Ирина Кулик

Галерея «Риджина», Москва 19 апреля – 22 мая 2010

Безумие — один из хрестоматийных сюжетов мировой культуры, современным искусством отнюдь не открытый и даже не то чтобы радикально переосмысленный. Заглавие написанной в первой половине позапрошлого столетия повести Николая Гоголя, в сущности, с легкостью можно было приспособить к выставкам с самым непредсказуемым набором участников. Так что вполне звездный состав международного, что все еще редкость для галерейной выставочной практики, проекта «Риджины» воспринимается естественно. В  конце концов у всякого безумия есть своя логика, и именно логика безумия кажется наиболее уместной в попытках объединить, например, Трейси Эмин с Константином Звездочетовым.

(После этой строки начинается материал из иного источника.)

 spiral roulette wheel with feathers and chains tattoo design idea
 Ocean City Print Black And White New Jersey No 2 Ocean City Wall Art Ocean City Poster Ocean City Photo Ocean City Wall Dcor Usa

Пресс-релиз выставки мотивирует отсылку к Гоголю тем, что выставка, как и повесть,  — горячечный протест против безумия самого мира. И правда, при желании в некоторых экспонатах можно найти столь популярные ныне социально-критические интенции. Например, Павел Пепперштейн, вообще-то склонный к экспериментированию с самыми разными аспектами «ненормативного» сознания, представлен по-детски идиллической акварелью с морским пейзажем — однако большую часть его рисунка занимает подпись, гласящая: «Нравится этот рисунок? Хочешь купить? А деньги у тебя откуда? Если ты кого-нибудь обманул, жестоко обошелся, ограбил простодушных добрых людей, то лучше забудь об этом рисунке». Впрочем, буквы, из которых складывается эта гневная отповедь, все равно радужно цветные и старательные, как на детском рисунке.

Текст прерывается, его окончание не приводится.